--- START ---

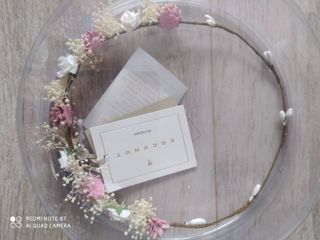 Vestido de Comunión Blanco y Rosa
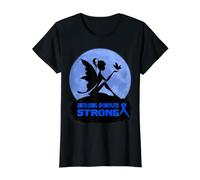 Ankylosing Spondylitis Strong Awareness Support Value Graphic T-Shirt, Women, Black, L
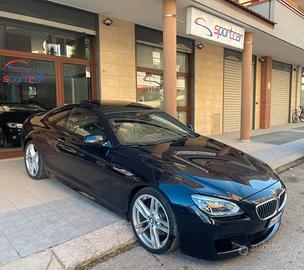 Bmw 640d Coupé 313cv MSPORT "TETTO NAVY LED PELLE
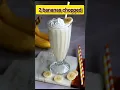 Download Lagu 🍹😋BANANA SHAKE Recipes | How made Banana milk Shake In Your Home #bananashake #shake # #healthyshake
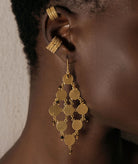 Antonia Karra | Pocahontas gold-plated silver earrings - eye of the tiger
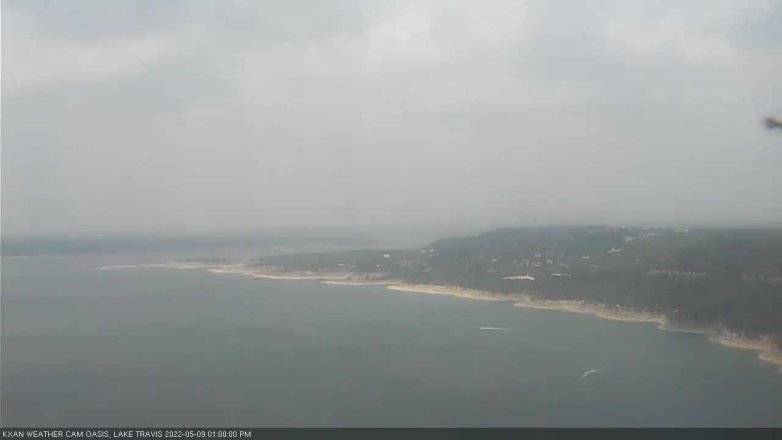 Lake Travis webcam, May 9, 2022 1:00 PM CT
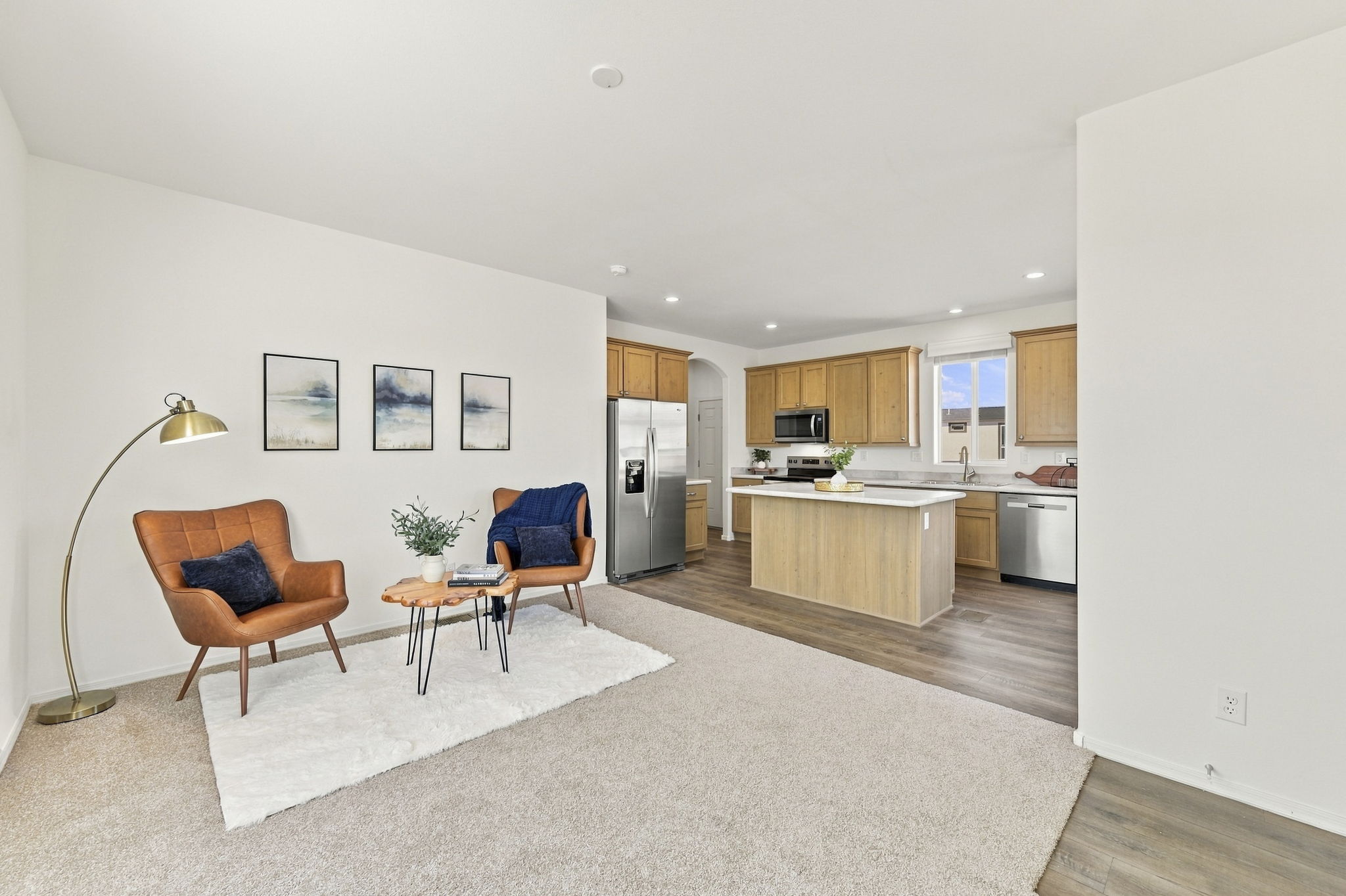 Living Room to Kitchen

--- END ---

__WHAT YOU SHOULD DO__.
The result should be the full set of entries above, restated exactly and without images.

__RESPONSE TO THIS TASK__.
 Vestido de Comunión Blanco y Rosa
 Ankylosing Spondylitis Strong Awareness Support Value Graphic T-Shirt, Women, Black, L
 Bmw 640d Coupé 313cv MSPORT "TETTO NAVY LED PELLE
 Download Lagu 🍹😋BANANA SHAKE Recipes | How made Banana milk Shake In Your Home #bananashake #shake # #healthyshake
 Antonia Karra | Pocahontas gold-plated silver earrings - eye of the tiger
 Lake Travis webcam, May 9, 2022 1:00 PM CT
 Living Room to Kitchen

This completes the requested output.